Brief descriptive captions
== Segment start ==
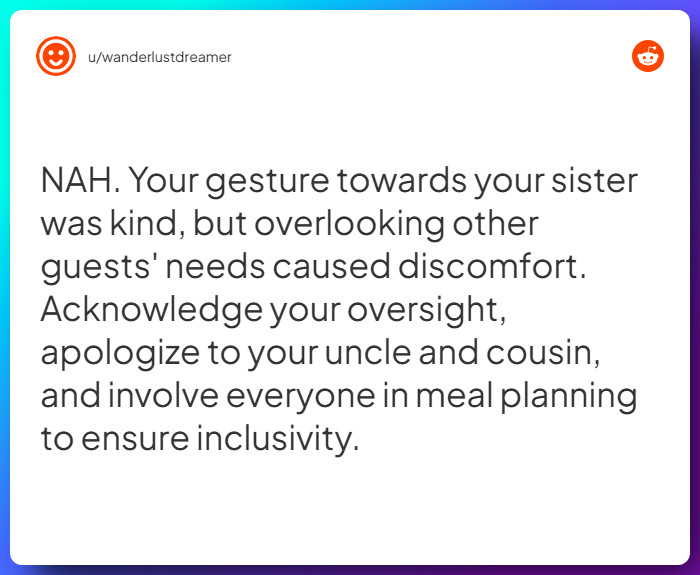 Comment from u/wanderlustdreamer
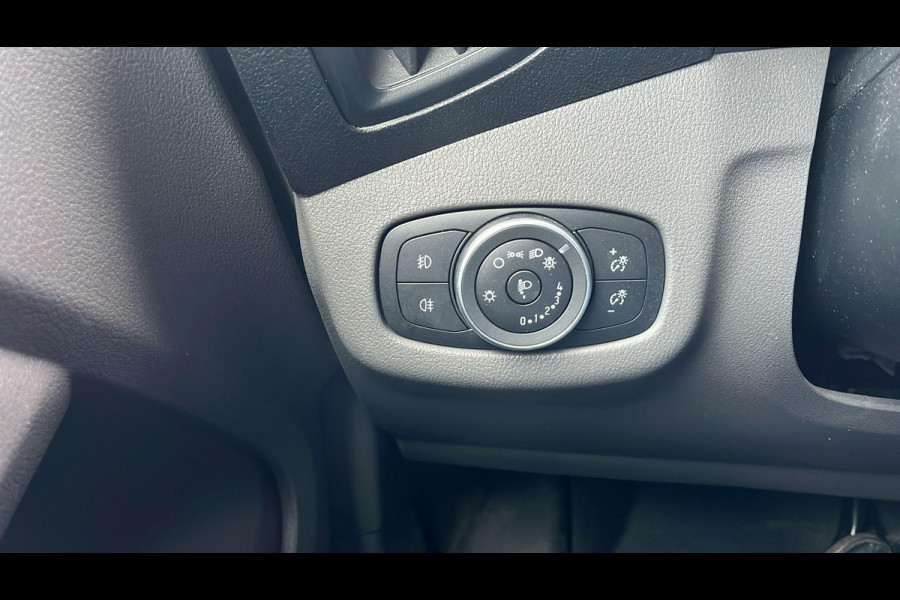 Ford Transit Connect 1.5 EcoBlue L2 Limited | Scherm met Apple Carplay/Android Auto | Camera | Cruise control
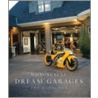 Motorcycle Dream Garages door Lee Klancher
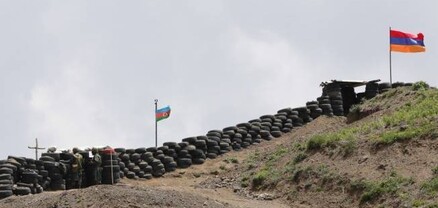 Հայաստանի և Ադրբեջանի սահմանազատման հանձնաժողովների հանդիպումը տեղի կունենա հունվարի 31-ին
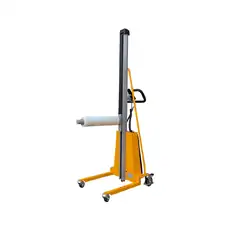 Roll Spindle Attachment to Suit ME Lifters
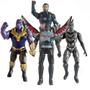 Imagem de Bonecos 17Cm Action Figure Vingadores End Game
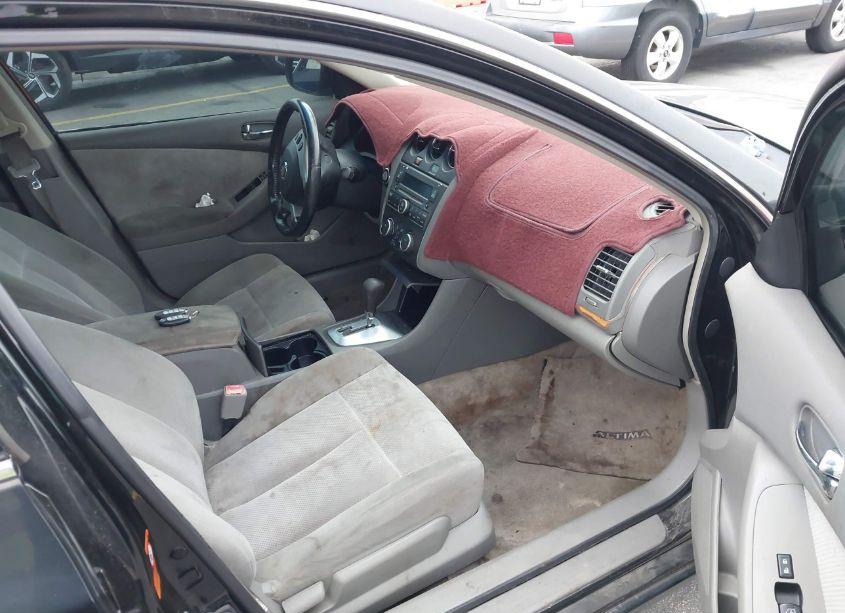 Photo 5 of 2007 Nissan Altima 2.5 S (VIN 1N4AL21E57N450151)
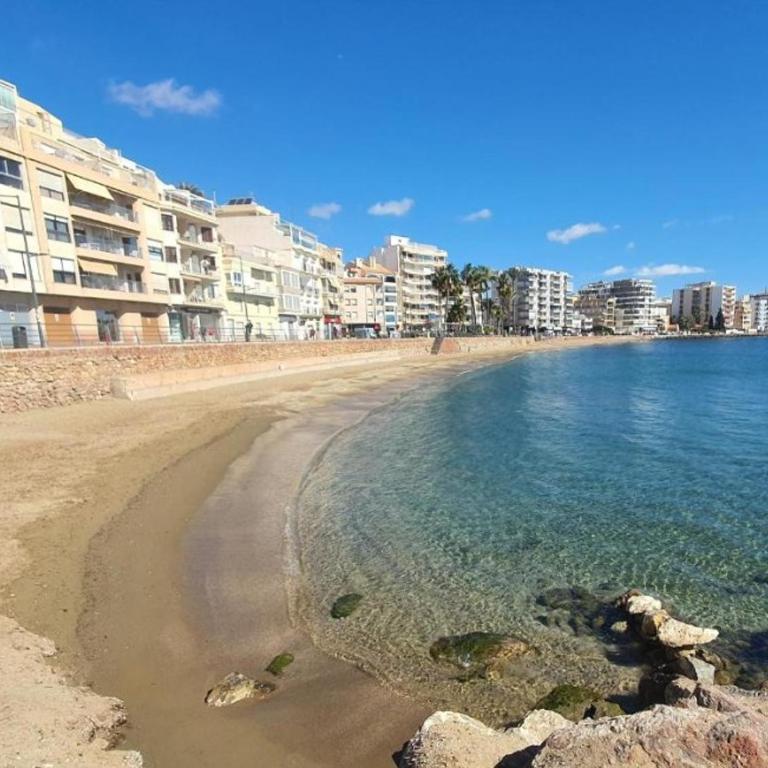 2 Terrazas, Céntrico y con Estilo - by Aloha Palma - Apartamento con terraza - 41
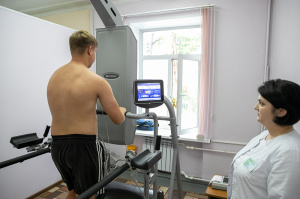 Восстановить детское здоровье!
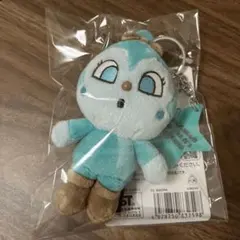 アンパンマンこどもミュージアム限定 コキンちゃん ぬいぐるみマスコット
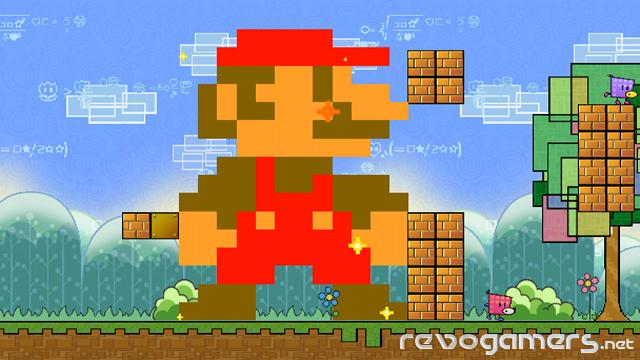 Super Paper Mario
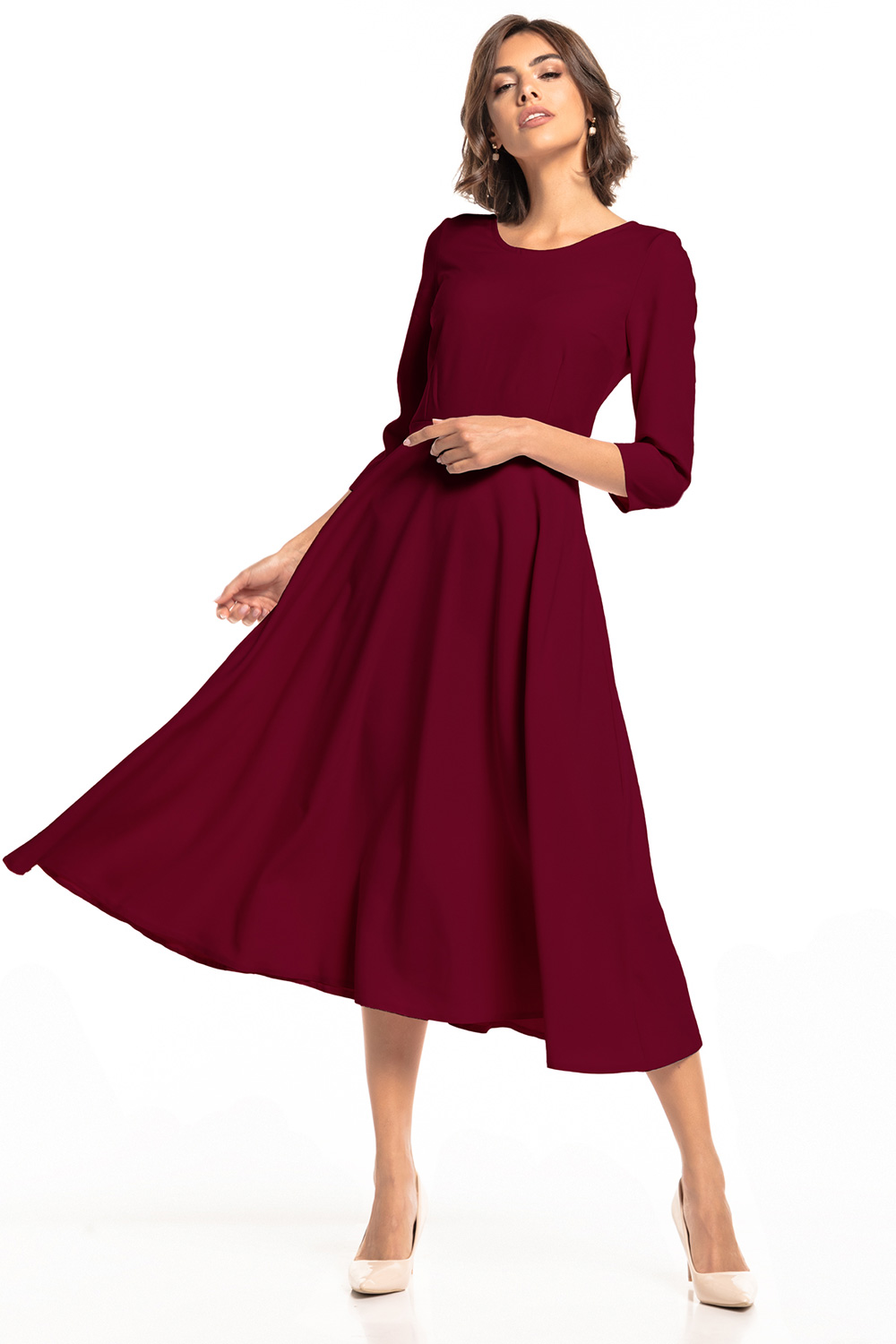 Adult Product 18+ - Daydress model 148173 Tessita - Tessita - Day Dresses - KS Store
== Segment end ==
## How to complete this task
Set every entry down again word for word, but not the pictures.

## Response below
 Comment from u/wanderlustdreamer
 Ford Transit Connect 1.5 EcoBlue L2 Limited | Scherm met Apple Carplay/Android Auto | Camera | Cruise control
 Motorcycle Dream Garages door Lee Klancher
 Հայաստանի և Ադրբեջանի սահմանազատման հանձնաժողովների հանդիպումը տեղի կունենա հունվարի 31-ին
 Roll Spindle Attachment to Suit ME Lifters
 Imagem de Bonecos 17Cm Action Figure Vingadores End Game
 Photo 5 of 2007 Nissan Altima 2.5 S (VIN 1N4AL21E57N450151)
 2 Terrazas, Céntrico y con Estilo - by Aloha Palma - Apartamento con terraza - 41
 Восстановить детское здоровье!
 アンパンマンこどもミュージアム限定 コキンちゃん ぬいぐるみマスコット
 Super Paper Mario
 Adult Product 18+ - Daydress model 148173 Tessita - Tessita - Day Dresses - KS Store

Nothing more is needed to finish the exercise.